David Bowie – An acquired taste for some, distinctive and able to interpret many styles of music, as adaptive as his persona. Bowie has a full range and used it well. Bowie’s voice had thickness and confidence, on the low notes as well as when his notes climbed.  Best performances: “Fame” and “Rebel Rebel”

John Lennon – A pure rock and roll voice. He could sing ballads or rockers with equal sincerity and richness. He disliked the sound of his voice, using a variety of recording wizardry to change it. Beautiful phrasing and edgy emotion. His range might not have been the broadest but it was full and rich, and he knew how to use it.  Maybe the greatest double-tracked voice ever. Best performances: “Imagine” and “Help!”

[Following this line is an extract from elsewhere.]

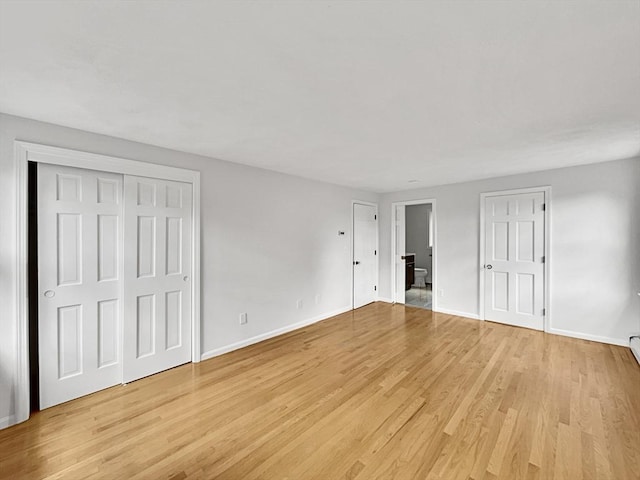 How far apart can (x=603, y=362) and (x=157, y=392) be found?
15.1ft

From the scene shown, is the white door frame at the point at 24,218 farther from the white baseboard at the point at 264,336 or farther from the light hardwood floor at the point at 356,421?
the white baseboard at the point at 264,336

Elton John – The voice of a pop star, the voice of his generation. His voice has deepened through the decades and his range has narrowed some, but he has augmented his range with a richness and maturity gained from years of singing his songs. Best performances: “Tiny Dancer” and “Benny and the Jets”

Art Garfunkel – A voice like an angel, floating like the highest, most delicate clouds in the sky. He could step up or down in range, with perfect phrasing and pitch.  Garfunkel’s voice served as the perfect counterpoint to Paul Simon’s more traditional voice. He had a top range that could dance like the smoothest ballerina. Best performances: “Traveling Boy” and “I Only Have Eyes For You”

Karen Carpenter – She owned AM radio in the 1970’s. Her voice was sweet but with soul, almost perfect in sound but has an Earthiness that seemed like she lived next door. Her phrasing was smooth and there was a deep richness in the flow of the lyrics. Best performances: “Close to You” and “We’ve Only Just Begun”

Diana Ross – Diana Ross moved easily from pop to soul to R&B to show tunes. Her voice is big but not overpowering, easy, but soaring. There is a smokiness in her delivery, particularly with jazz stylings that remind us of nightclub singers of other eras. Best performances: “Ain’t No Mountain High Enough” and “Touch Me in the Morning”

Donna Summer – First known for breathy and moaning disco songs, she had to break away to earn her credentials in R&B and pop. Her voice had a big range (three octaves) and could hold a note, or modify a note, for a week.  Best performances: “MacArthur Park” and “Try Me, I Think We Can Make It”

Honorable mention: Ann Wilson, Roger Daltrey, Greg Lake, Van Morrison, Robert Plant, Freddie Mercury, Paul McCartney, Gladys Knight.